The film follows a young girl named Gita and her family living in West Bengal. Having no other material possessions to donate to their temple, they plan on collectively shaving their heads and sacrificing their hair, a common ritual where they live. In a culture where a woman’s beauty is so highly regarded, the act of giving up one’s hair is not a simple decision. Meanwhile in Bombay we meet Sangeeta (pictured above), the editor of a gossip magazine who busies herself with such tasks like finding a professional palm reader to dish on the personal lives of major Indian celebrities. While looking for a new hairstyle before a huge party, Sangeeta turns to hair extensions.
Between following the lives of these two women, the documentary observes how the temple sells the hair to a company in Italy called Great Lengths, who then bleaches, colours, and sorts the hair and turns them into extensions, sold around the world. They are a hot commodity coveted by the rich, from celebrities in Hollywood to Sangeeta and her peers.

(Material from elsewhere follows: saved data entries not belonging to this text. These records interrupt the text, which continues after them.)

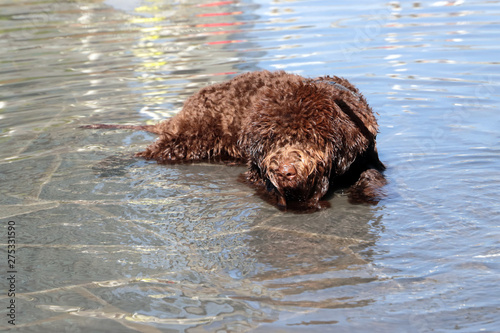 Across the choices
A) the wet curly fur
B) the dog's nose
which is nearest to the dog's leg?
the wet curly fur

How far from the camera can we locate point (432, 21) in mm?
12203

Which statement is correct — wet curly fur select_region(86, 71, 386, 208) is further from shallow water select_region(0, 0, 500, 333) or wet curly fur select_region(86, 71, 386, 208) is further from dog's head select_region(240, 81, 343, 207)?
shallow water select_region(0, 0, 500, 333)

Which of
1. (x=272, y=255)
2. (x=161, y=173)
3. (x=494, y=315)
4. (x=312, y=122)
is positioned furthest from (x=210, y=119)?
(x=494, y=315)

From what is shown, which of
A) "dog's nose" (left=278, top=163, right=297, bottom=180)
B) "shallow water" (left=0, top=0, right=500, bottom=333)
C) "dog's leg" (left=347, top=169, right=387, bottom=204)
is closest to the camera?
"shallow water" (left=0, top=0, right=500, bottom=333)

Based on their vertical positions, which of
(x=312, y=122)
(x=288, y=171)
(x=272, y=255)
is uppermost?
(x=312, y=122)

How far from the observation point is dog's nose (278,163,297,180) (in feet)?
14.4

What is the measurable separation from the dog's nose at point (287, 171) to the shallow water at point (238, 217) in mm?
329

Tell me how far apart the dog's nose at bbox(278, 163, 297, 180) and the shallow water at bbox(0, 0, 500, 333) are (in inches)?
13.0

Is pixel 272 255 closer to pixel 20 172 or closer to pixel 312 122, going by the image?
pixel 312 122

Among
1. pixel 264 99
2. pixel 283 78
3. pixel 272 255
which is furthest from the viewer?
pixel 283 78

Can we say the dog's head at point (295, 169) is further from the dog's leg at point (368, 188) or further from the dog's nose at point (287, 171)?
the dog's leg at point (368, 188)

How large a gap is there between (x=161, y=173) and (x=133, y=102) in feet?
9.04

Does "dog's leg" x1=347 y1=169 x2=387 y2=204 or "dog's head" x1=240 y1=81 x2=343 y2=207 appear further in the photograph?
"dog's leg" x1=347 y1=169 x2=387 y2=204

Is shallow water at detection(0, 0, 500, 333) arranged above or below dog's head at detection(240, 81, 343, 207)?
below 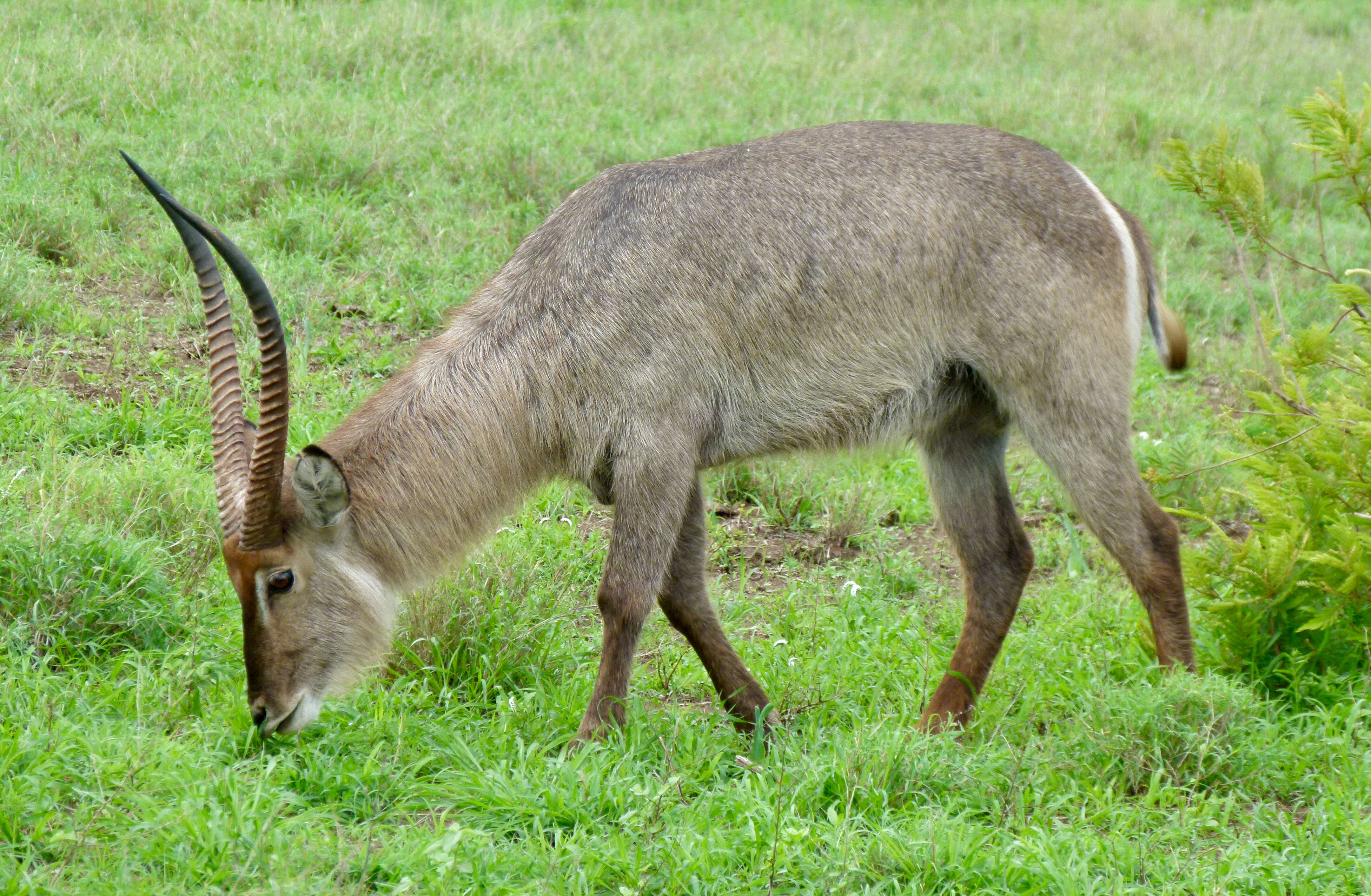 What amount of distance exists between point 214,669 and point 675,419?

The film does suggest that there is an injustice being committed, but it is hard to pinpoint who exactly the culprit is. There are the temples who sell the hair without the consent of the donating parties, but if all the money goes back to charitable events, can it really be inferred that the temples have dishonourable intentions? It seemed clear that Sangeeta, the glamorous magazine editor with an obsession for celebrity culture and makeup, was seen as silly and shallow – after all, the audience at the screening I went to laughed when she said she hoped her new extensions would make her look like Shakira. Shots of Gita and her family living in near poverty accompanied by melancholic music are interspersed with scenes of Sangeeta at high profile events wearing designer dresses, yet I still find it hard to vilify her as a bad guy of Disney proportions – after all, she is a woman trying to find success in a society that, although different from our own, still places great significance on a woman’s physical beauty (as emphasized by the great pains it took for Gita to eventually donate her hair). Could it be possible that Sangeeta herself is just a different sort of victim, falling prey to a sexist and shallow culture and merely ignorant to the conditions under which the hair extensions were made?
In a post-screening interview with the filmmakers, they explained that their job in creating this documentary was not to give all the answers, but rather to ask the relevant questions. In that respect, their film was successful. Hair India does a good job of displaying the relevant information so that, even if the film doesn’t solve any problems itself, it certainly raises awareness of the issue.